The California Association of Realtors has published a set of transaction forms (“CAR” forms) for nearly every potential real estate contract. These fill-in-the-blank forms are intended to allow agents to prepare standard contract documents without the risk of being accused of practicing law. They are routinely revised and often the changes are not obvious. Anyone with prior experience with the forms should be sure to check which edition they are currently using or interpreting, as the provisions may be different that what they are used to. If necessary, buyers and sellers of real estate should consult with a Sacramento real estate attorney be better understand what their contract language will mean in their deal. A common area of concern is the release of contingencies. If the sale is contingent on something, that something has to happen for the contract to be further enforceable. An example is a contingency to obtain a loan on certain terms. If the buyer cannot obtain it, then they can call the deal off. However, they can decide to accept a loan under different conditions, and waive the contingency.
The C.A.R. forms used for residential purchase agreements since the October 2002 revision have eliminated the last vestige of “passive” removal of contingencies common in the older forms. The new forms all utilize “active” written removal of contingencies, such that satisfaction of the underlying condition is not enough; there must be a written removal before a contingency is, in fact, removed. If a party does not remove it in writing, it is incumbent on the other to serve a Notice to Perform. Until all contingencies are removed in writing, Sellers always have a right to cancel. Other than the risk of cancellation, there is no penalty to the holder of the contingency if the underlying event occurs but the contingency is not removed in writing. The older C.A.R. Purchase and Sale form copyrighted 1983-1985, is different.
Older C.A.R. Forms Allowed “Passive” Removal of Contingencies
The pre- October 2002 form provides for election of “Passive Removal.” If the Buyer does not remove contingencies, or give notice of items disapproved, he is conclusively presumed to have waived all contingencies. Seller does not have a right to cancel. If the Buyer notified the Seller of items they did not approve, and Seller does not respond within the specified time, the Seller is deemed to have refused to correct the items, and the Buyer may cancel.
Older C.A.R. Forms, Where “Active” Removal Was Selected, Did Not Require a “Notice to Perform.”
The pre- October 2002 form allows selection of “Active Removal” of contingencies. If the Buyer does not remove contingencies in writing within the specified time, the Seller may cancel without serving a Notice to Perform.
Current C.A.R. Forms Require “Active” Removal, Require Notice to Perform, And Maintain The Right To Cancel Until All Contingencies Are Removed In Writing.

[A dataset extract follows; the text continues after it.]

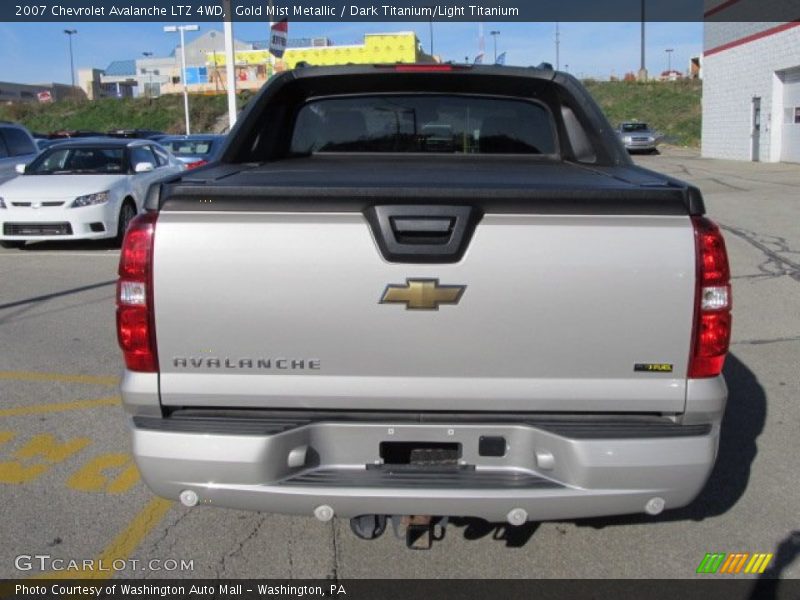 Gold Mist Metallic / Dark Titanium/Light Titanium 2007 Chevrolet Avalanche LTZ 4WD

The current C.A.R. forms are different, representing a change in philosophy of the forms, a result of the strong seller’s market that had existed in California for several years. The forms give the parties a 17 day free look. Now, if a contingency is not removed in writing in the time specified, the other party must to serve a Notice to Perform to trigger their right to cancel. And if anyone’s contingency is not removed in writing, the Seller always has a right to cancel. Thus, removal of a contingency in writing, as well as occurrence of the underlying event, are required to satisfy the Contract. The Purchase Contract and the Contingency are taken together as they are parts of one transaction. Civil Code §1642. The various provisions of the contract are reviewed together, “so as to give effect to every part, if reasonably practicable, each clause helping to interpret the other.” Civil Code §1641. To interpret the contract otherwise would require pretending that the CAR forms were not changed.